Apesar da existência de um ambulatório para o atendimento dos pets na cidade, Martins considera que há necessidade de um equipamento que possa atender no formato 24 horas. Em casos de animais resgatados durante a noite, finais de semana e feriados, a responsabilidade acaba ficando nas mãos dos ativistas, que muitas vezes não contam com recursos financeiros para conseguir bancar um atendimento especializado.
Além disso, entende que há necessidade de um local que possa realizar atendimentos de maior complexidade, principalmente cirurgias, algo muito demandado no município.
A causa animal virou um dos temas centrais de muitas candidaturas nos últimos anos. Na visão de Alessandro, muitos se utilizam desse expediente para conquistar votos, mas ao chegar no mandato o número de ações votadas ao tema é pequeno ou inexistem.
“Aparece um monte, na eleição aparece um monte de candidato que gosta dos animais, que fala, que ajuda.
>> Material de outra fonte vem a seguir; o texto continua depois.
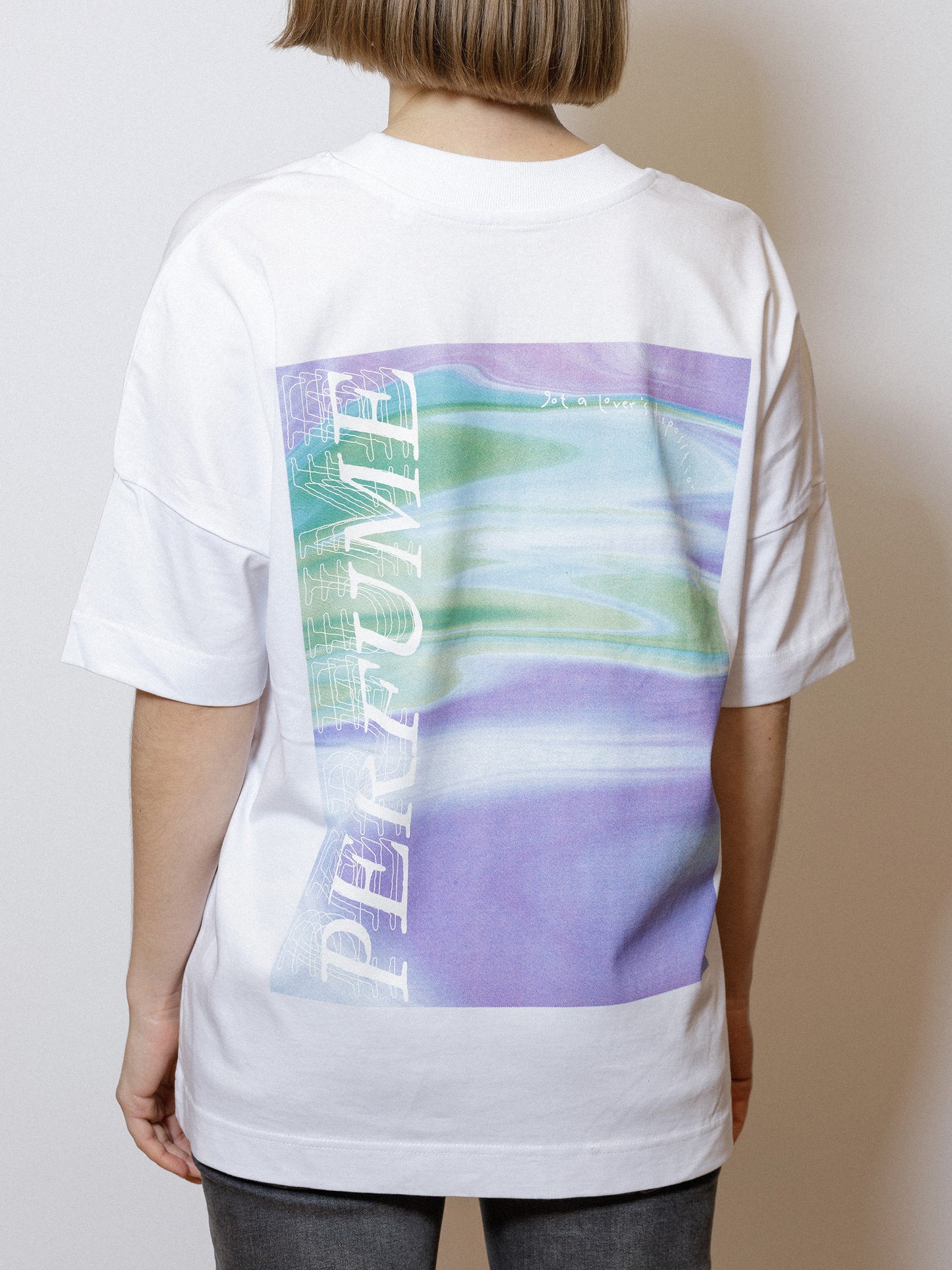 Pablo Brooks - Perfume - Shirt Unisex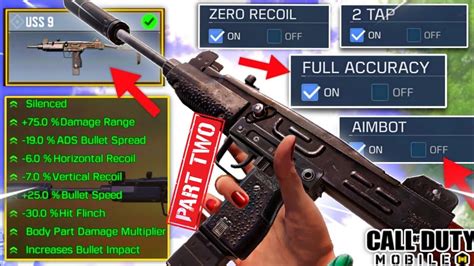 Image result for Uss9 Gun Codm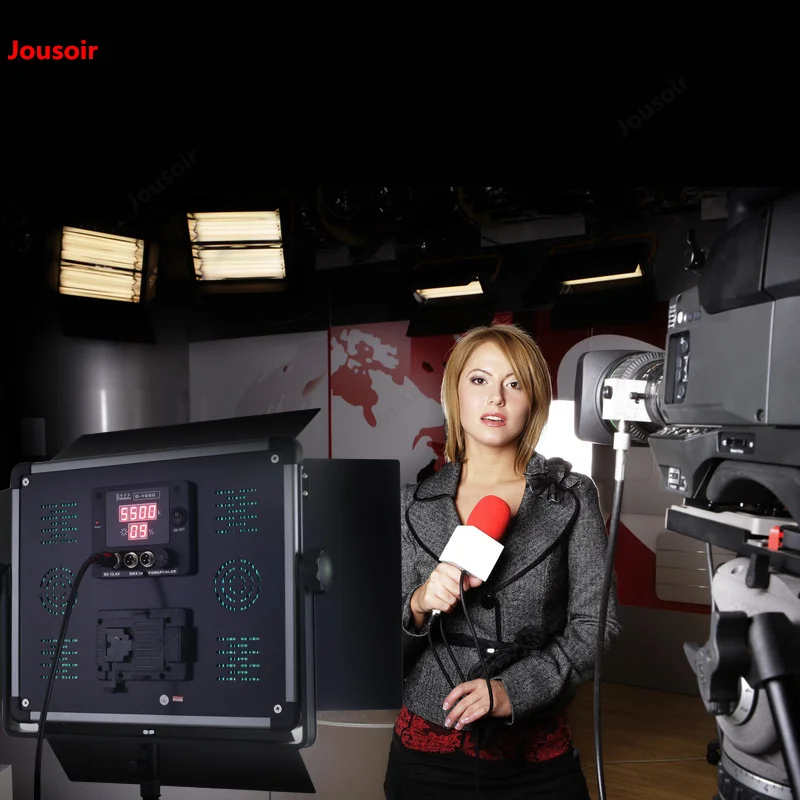 D-900 пленки и ТВ лампы освещение для камеры камера новости фотографии постоянный свет светодиодный светильник CD50 T07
Eu sempre falo para as pessoas, entre na rede social dessa pessoa, vai lá e vê os últimos anos dela, o que ela fez pela causa animal, um ano atrás, dois anos, três anos. Puxa lá dez anos e compara, vê quem está na causa mesmo ajudando e quem está ali só para fazer a política, né? Porque quando acaba a eleição, todo mundo vai embora. Aí só fica aqui, nós aqui correndo, nós os protetores, correndo atrás dos bichos na rua, cuidando daqui, levando ração, levando medicação, entendeu? Socorrendo.”, explica.